Spark and Livy

Combine was designed to provide a single point of interaction for metadata harvesting, transformation, analysis, and publishing. Another guiding factor was a desire to utilize DPLA’s Ingestion 3 codebase where possible, which itself, uses Apache Spark for processing large numbers of records. The decision to use Ingestion 3 drove the architecture of Combine to use Apache Spark as the primary, background context and environment for processing Records.

This is well and good from a command line, issuing individual tasks to be performed, but how would this translate to a GUI that could be used to initiate tasks, queue them, and view the results? It became evident that an intermediary piece was needed to facilitate running Spark “jobs” from a request/response oriented front-end GUI. Apache Livy was suggested as just such a piece, and fit the bill perfectly. Livy allows for the submission of jobs to a running Spark context via JSON, and the subsequent ability to “check” on the status of those jobs.

As Spark natively allows python code as a language for submitting jobs, Django was chosen as the front-end framework for Combine, to have some parity between the language of the GUI front-end and the language of the actual code submitted to Spark for batch processing records.

This all conspires to make Combine relatively fast and efficient, but adds a level of complexity.
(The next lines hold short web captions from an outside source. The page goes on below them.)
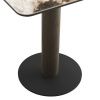 Dřevěný bistro stůl Richmond Langford 70 x 70 cm s keramickou deskou -fv-interier-25
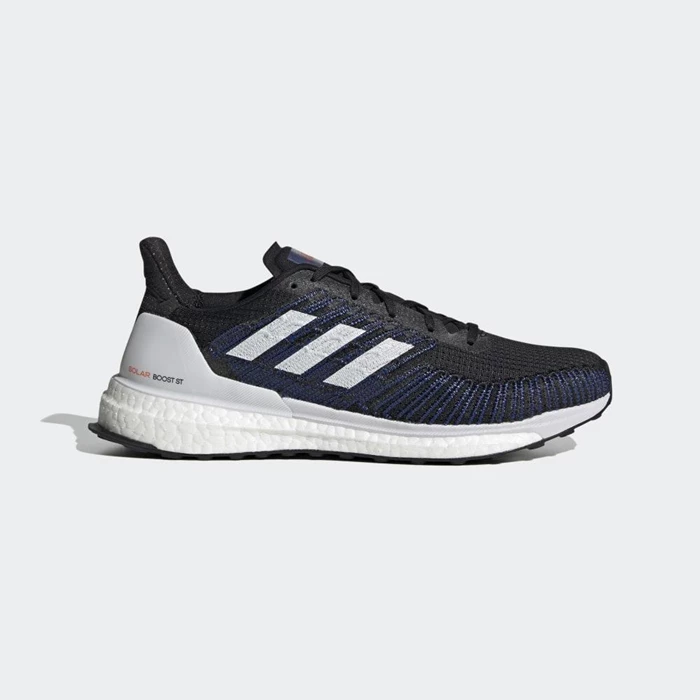 Zapatillas Running Adidas Solarboost ST 19 Hombre Negras | 46ZEQNUP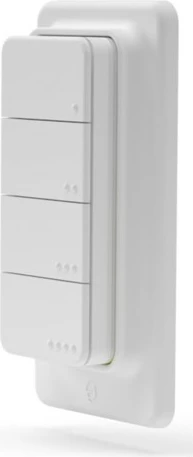 Pametni gumb Shelly Blu RC Button 4, Bluetooth, bel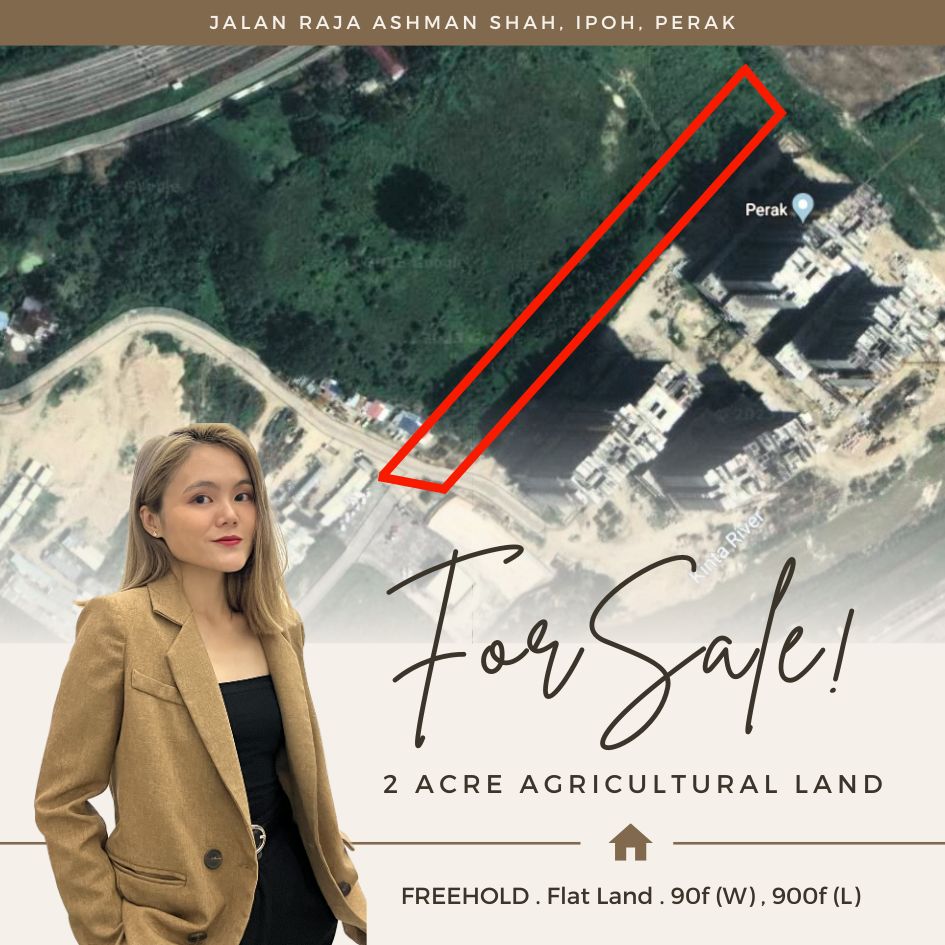 Perak Agricultural Land Central Ipoh Jalan Raja Ashman Shah The Anderson image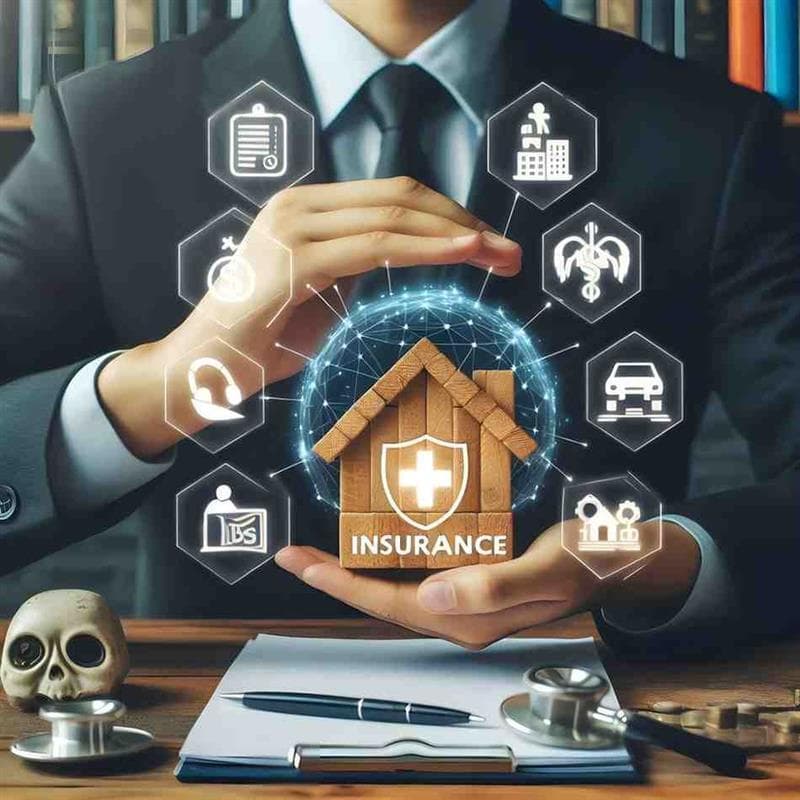 Business Insurance Illustration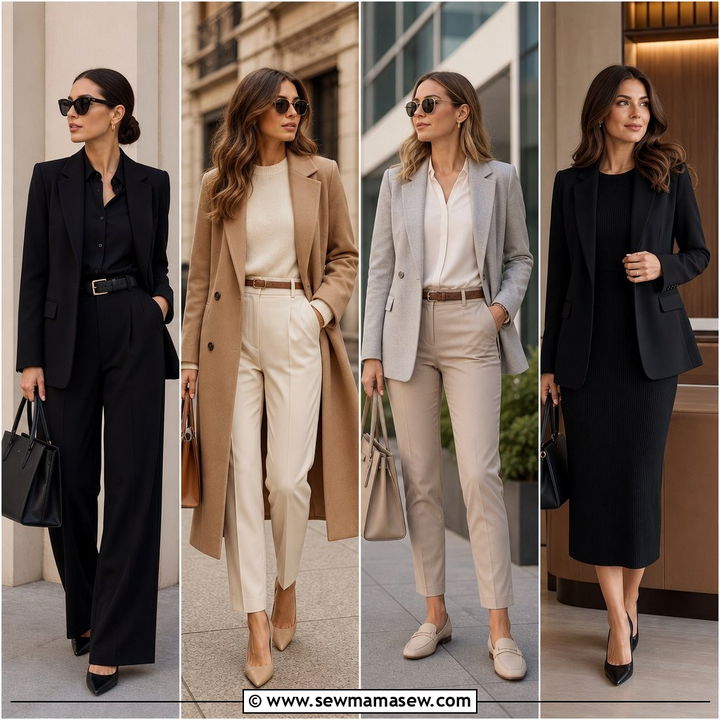 35 Minimalist Work Outfit Ideas for Effortless Style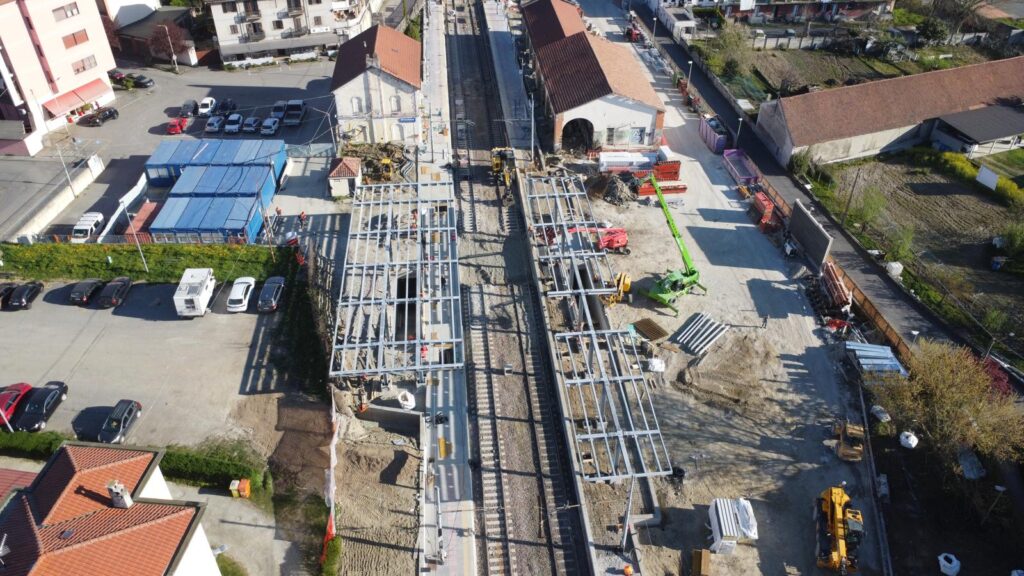 Lavorazioni dall'alto tratta Ivrea Chivasso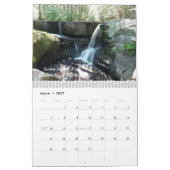 Favoriete watervallen 2017 kalender (Mar 2027)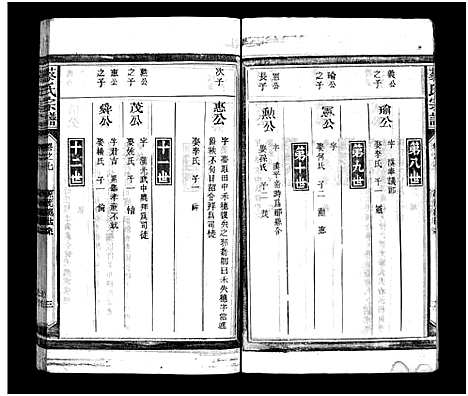 [下载][蔡氏宗谱_20卷]浙江.蔡氏家谱_二.pdf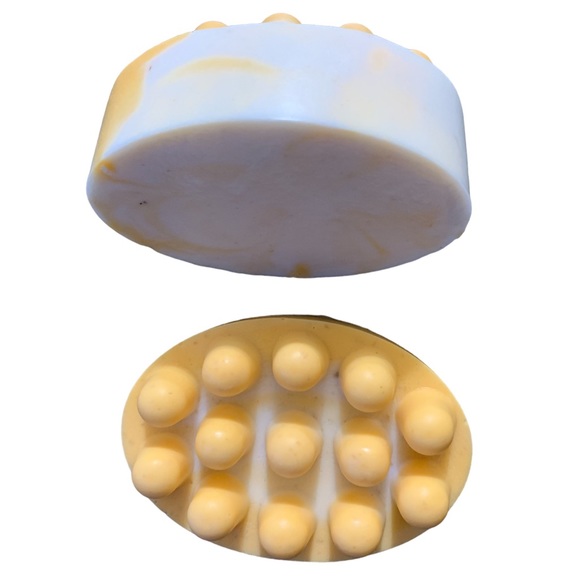 Hand Crafted Soap - Massage Bar Oatmeal Honey & Milk hint of Vanilla - Picture 10 of 15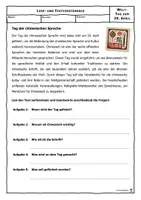 Vorschau - Arbeitsblätter - 04-20 Tag der chinesischen Sprache - Deckblatt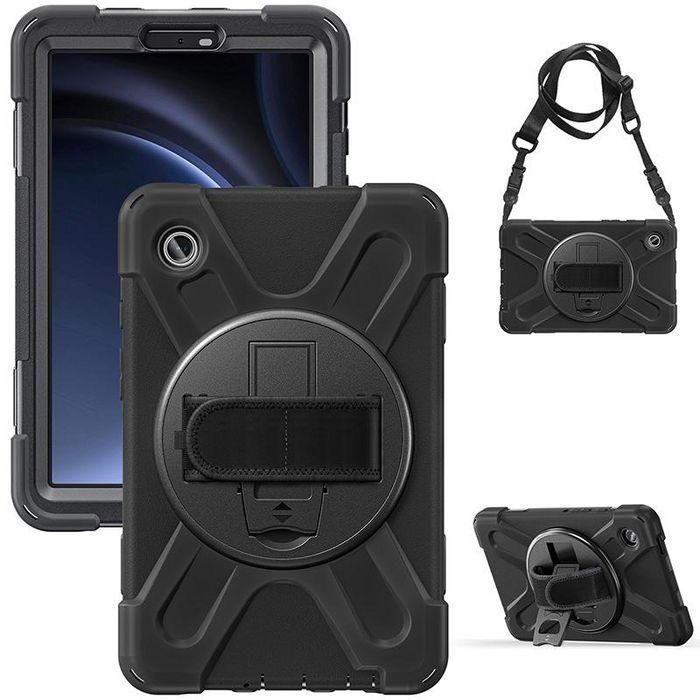 eSTUFF Galaxy Tab A9 AUSTIN Defender Case without built-in screen protector - Black 1 eSTUFF Galaxy Tab A9 AUSTIN Defender Case without built-in screen protector - Black 1
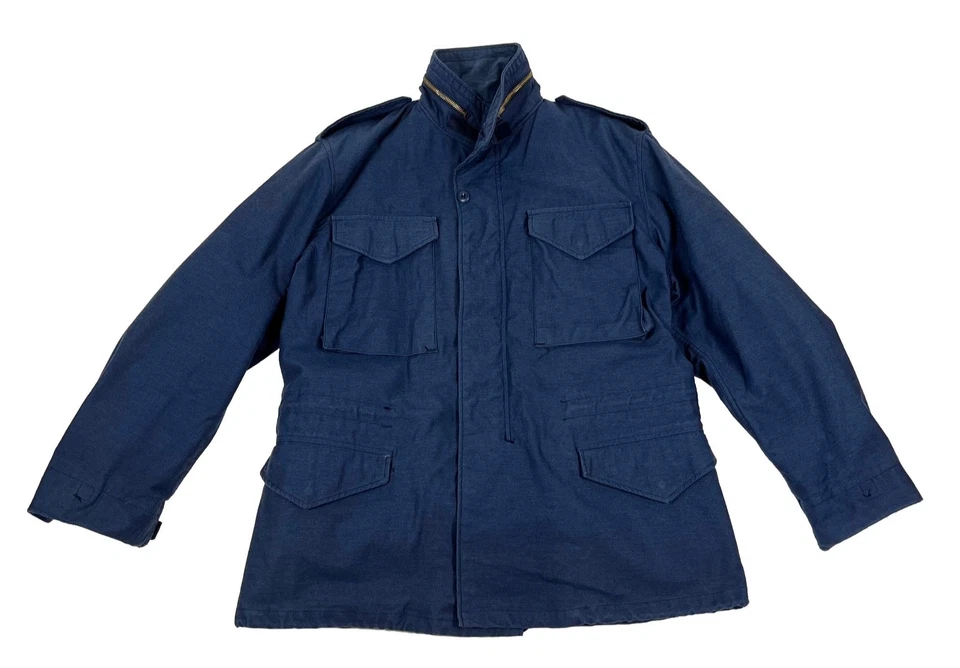 Vintage Alpha Industries M65 Field Jacket US Army Mens Medium Made In USA - Image 1 of 3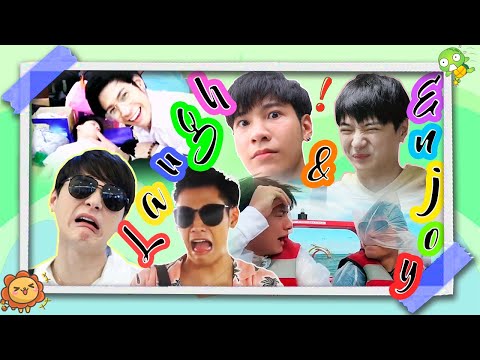 SINGTO KRIST- Just be happy! and laugh😂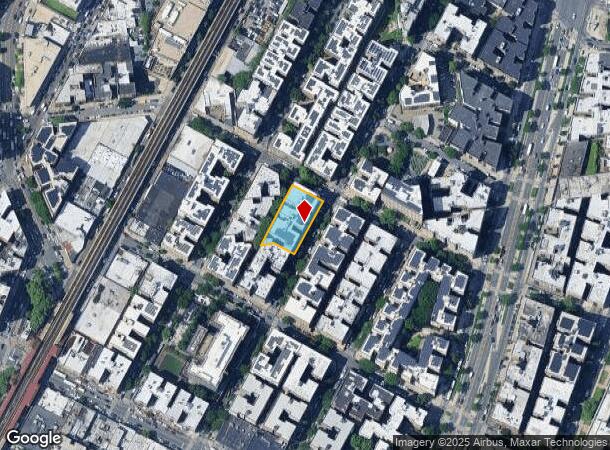 1475 Walton Ave, Bronx, NY Parcel Map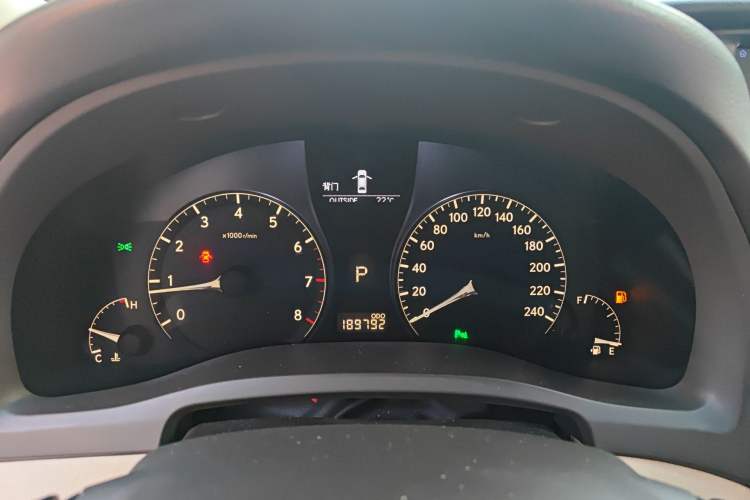 Used Lexus RX Classic 2011 270 Elegant Edition Instrument Cluster
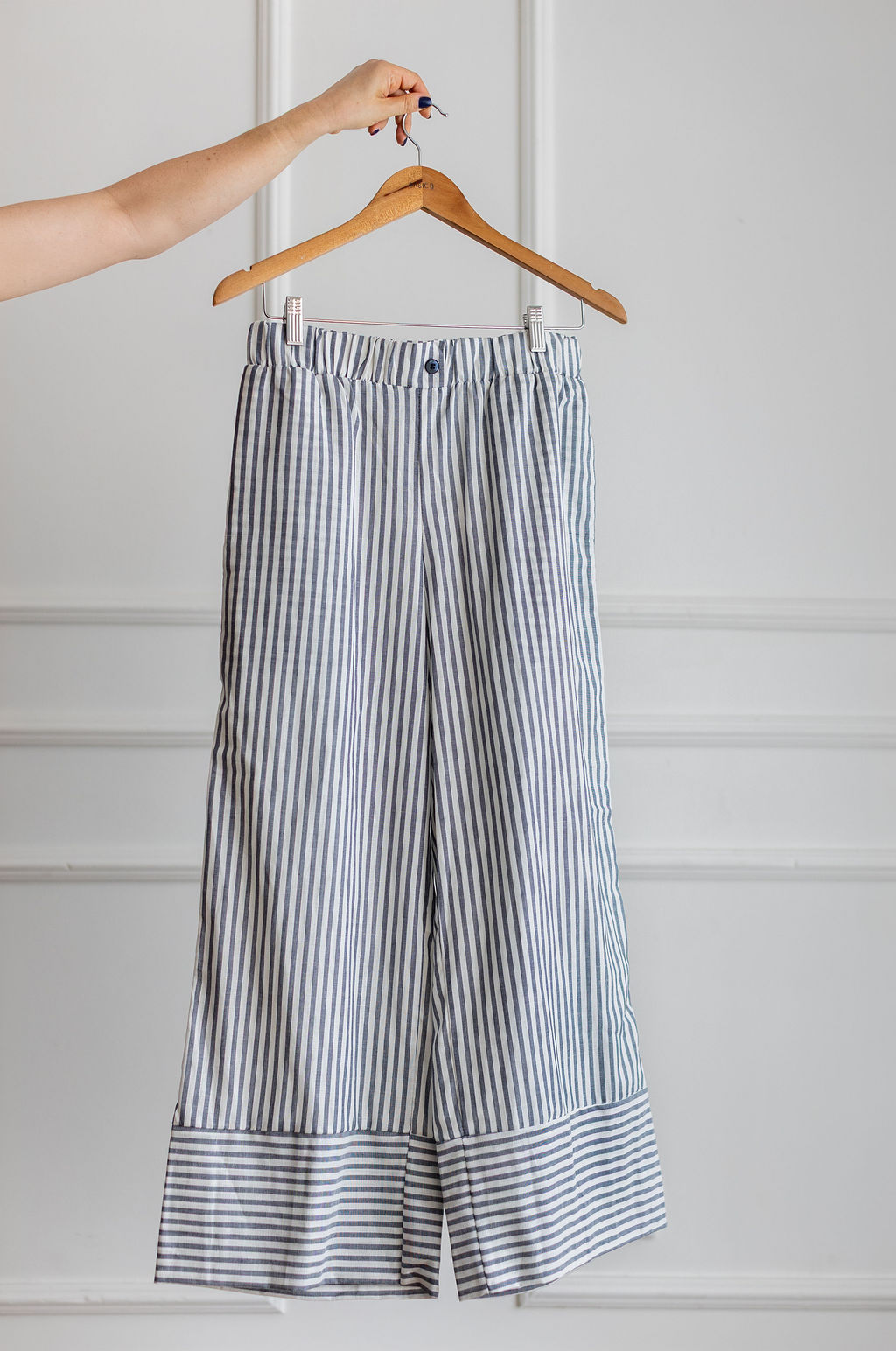 Pantalón Lua rayas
When Jobs are run in Combine, they are submitted to this running, background Spark context via Livy. While Livy is utilized in a similar fashion at scale for large enterprise systems, it is often obfuscated from users and the front-end GUI. This is partially the case for Combine.

Livy Sessions

Livy creates Spark contexts that can receive jobs via what it calls “sessions”. In Combine, only one active Livy session is allowed at a time. This is partially for performance reasons, to avoid gobbling up all of the server’s resources, and partially to enforce a sequential running of Spark Jobs that avoids many of the complexities that would be introduced if Jobs – that require input from the output of one another – were finishing at different times.

Manage Livy Sessions

Navigate to the “System” link at the top-most navigation of Combine. If no Livy sessions are found or active, you will be presented with a screen that looks like this:

Livy sessions management: No Livy sessions found

Livy sessions management: No Livy sessions found

To begin a Livy session, click “Start New Livy Session”. The page will refresh and you should see a screen that shows the Livy session is starting:

Livy sessions management: Livy sesesion starting

Livy sessions management: Livy sesesion starting

After 10-20 seconds, the page can be refreshed and it should show the Livy session as idle, meaning it is ready to receive jobs:

Livy sessions management: Livy sesesion idle

Livy sessions management: Livy sesesion idle

Barring any errors with Livy, this is the only interaction with Livy that a Combine user needs to concern themselves with. If this Livy Session grows stale, or is lost, Combine will attempt to automatically restart when it’s needed. This will actually remove and begin a new session, but this should remain invisible to the casual user.

However, a more advanced user may choose to remove an active Livy session from Combine from this screen. When this happens, Combine cannot automatically refresh the Livy connection when needed, and all work requiring Spark will fail. To begin using Livy/Spark again, a new Livy session will need to be manually started per the instructions above.